■ Data excerpt ■
# # # # # # #

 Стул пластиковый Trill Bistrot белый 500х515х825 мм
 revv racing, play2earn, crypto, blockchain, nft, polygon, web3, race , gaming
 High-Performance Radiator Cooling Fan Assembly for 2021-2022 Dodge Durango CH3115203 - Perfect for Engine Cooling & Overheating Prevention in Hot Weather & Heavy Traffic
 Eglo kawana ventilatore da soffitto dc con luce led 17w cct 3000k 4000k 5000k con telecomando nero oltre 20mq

# # # # # # #

■ Your assignment ■
Copy each line of the data above without altering a single character.

■ Result below ■
 Стул пластиковый Trill Bistrot белый 500х515х825 мм
 revv racing, play2earn, crypto, blockchain, nft, polygon, web3, race , gaming
 High-Performance Radiator Cooling Fan Assembly for 2021-2022 Dodge Durango CH3115203 - Perfect for Engine Cooling & Overheating Prevention in Hot Weather & Heavy Traffic
 Eglo kawana ventilatore da soffitto dc con luce led 17w cct 3000k 4000k 5000k con telecomando nero oltre 20mq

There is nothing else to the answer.